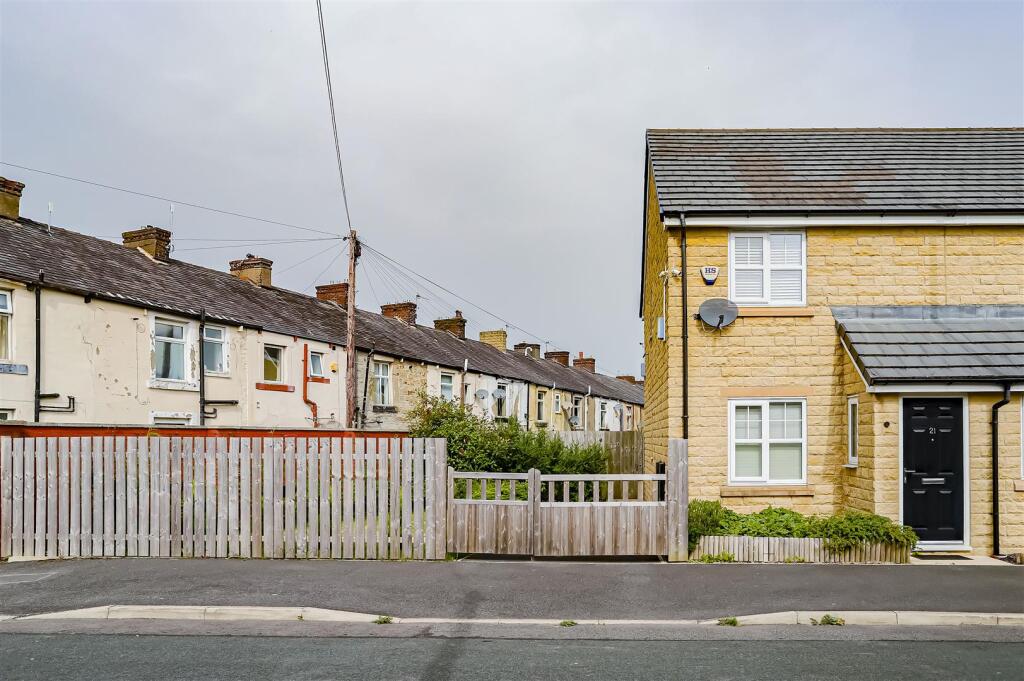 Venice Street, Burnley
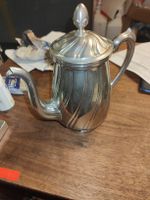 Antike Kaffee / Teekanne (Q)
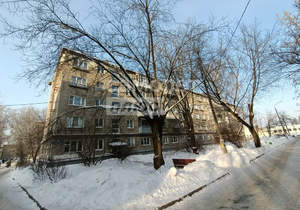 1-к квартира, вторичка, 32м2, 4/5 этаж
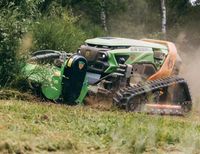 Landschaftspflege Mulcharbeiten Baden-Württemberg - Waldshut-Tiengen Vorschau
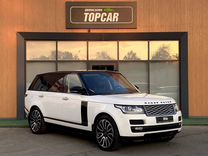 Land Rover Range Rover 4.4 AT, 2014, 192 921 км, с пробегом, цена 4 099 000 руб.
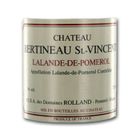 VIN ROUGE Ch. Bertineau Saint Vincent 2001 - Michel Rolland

...

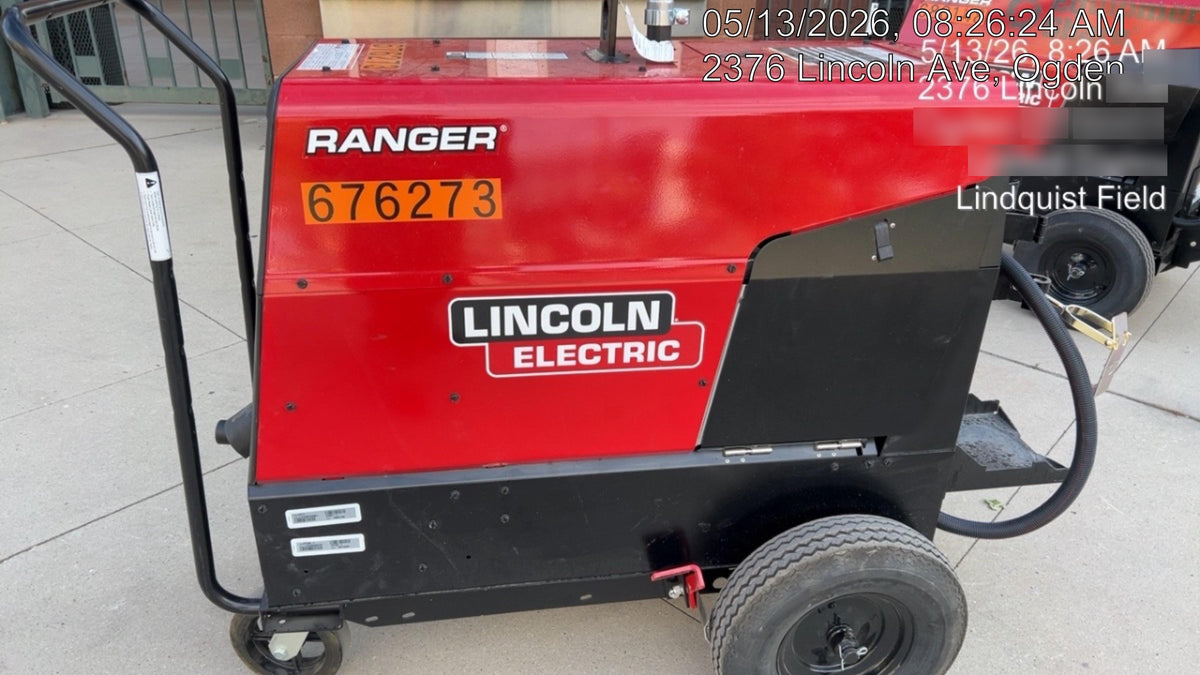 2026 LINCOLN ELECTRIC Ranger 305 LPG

**WHAT THIS TASK INVOLVES:** Look above for the line containing "Landschaftspflege Mulcharbeiten Baden-Württemberg", then copy exactly from it through the line containing "VIN ROUGE Ch.", keeping both and leaving out pictures. Add nothing else.

**RESPONSE:**
 Landschaftspflege Mulcharbeiten Baden-Württemberg - Waldshut-Tiengen Vorschau
 Land Rover Range Rover 4.4 AT, 2014, 192 921 км, с пробегом, цена 4 099 000 руб.
 VIN ROUGE Ch. Bertineau Saint Vincent 2001 - Michel Rolland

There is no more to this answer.